EXTRACTED MATERIAL:
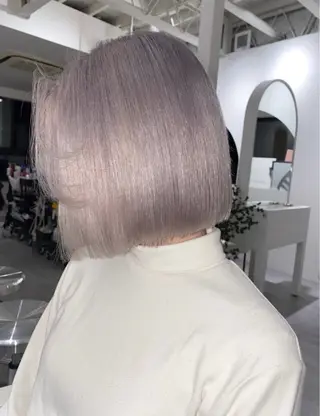 カラー HIDE 矯正のヘアスタイル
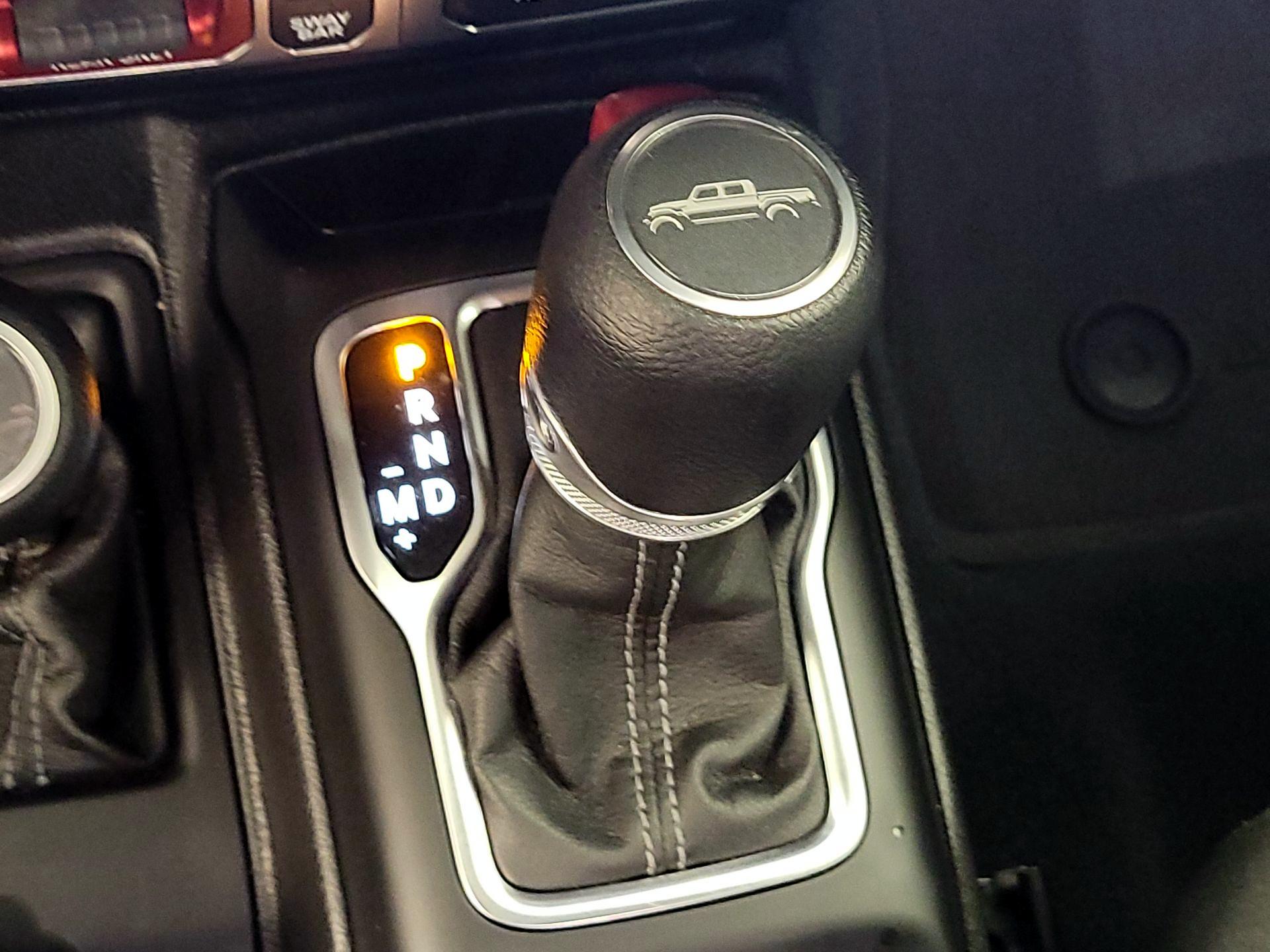 Thumbnail: 2024 Jeep Gladiator - 16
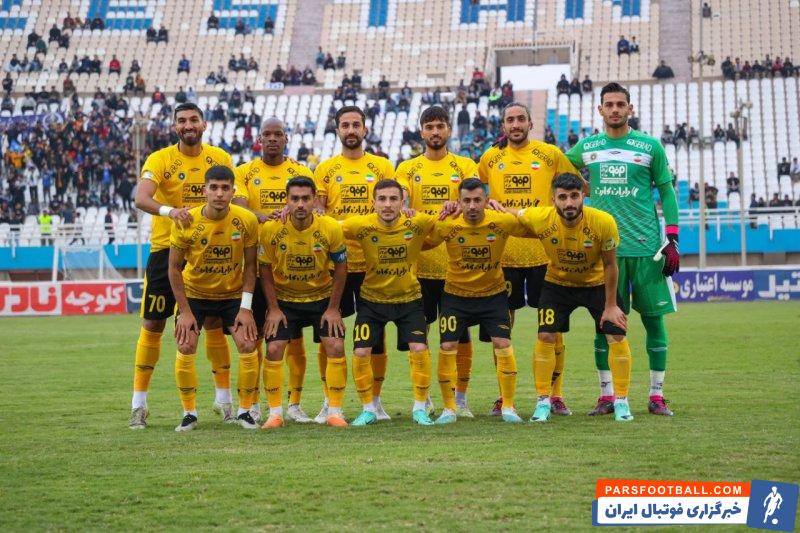 سپاهان ؛ اجرای بازی عمو زنجیرباف در تمرین سپاهان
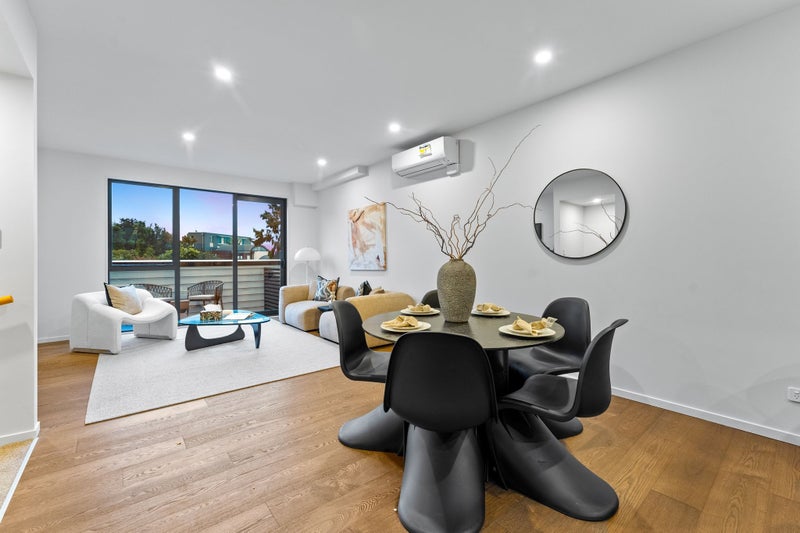 11/10 Meadowbank Road, Meadowbank, Auckland - Carousel 1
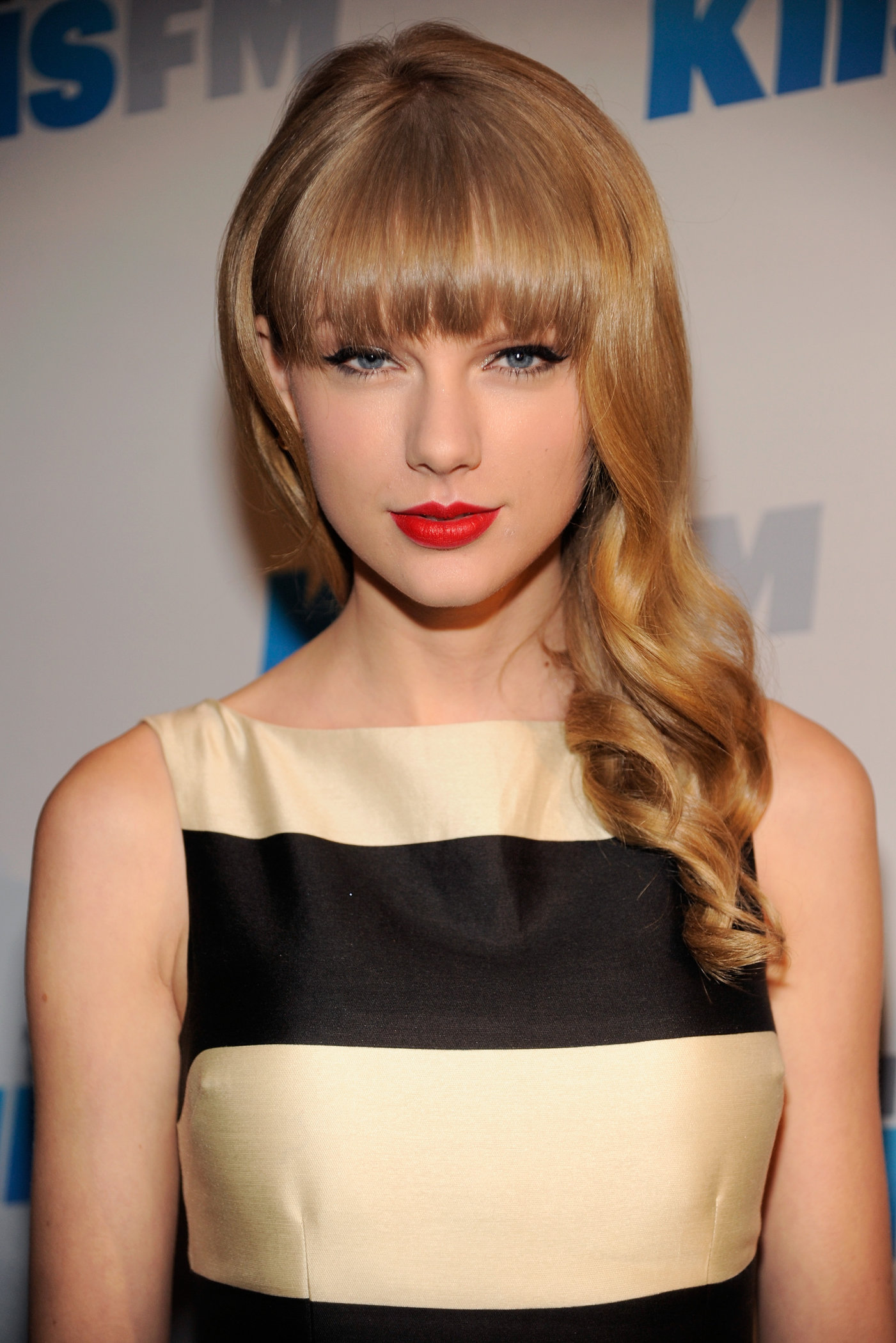 Taylor Swift at the KIIS FM 2012 Jingle Ball concert at Nokia Theatre in Los Angeles - December 1, 2012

EXERCISE INSTRUCTIONS: Go back to the line containing "Thumbnail: 2024 Jeep Gladiator - 16" and output it and every line after it through the end of the records, exactly, but not the pictures.

ANSWER AREA:
 Thumbnail: 2024 Jeep Gladiator - 16
 سپاهان ؛ اجرای بازی عمو زنجیرباف در تمرین سپاهان
 11/10 Meadowbank Road, Meadowbank, Auckland - Carousel 1
 Taylor Swift at the KIIS FM 2012 Jingle Ball concert at Nokia Theatre in Los Angeles - December 1, 2012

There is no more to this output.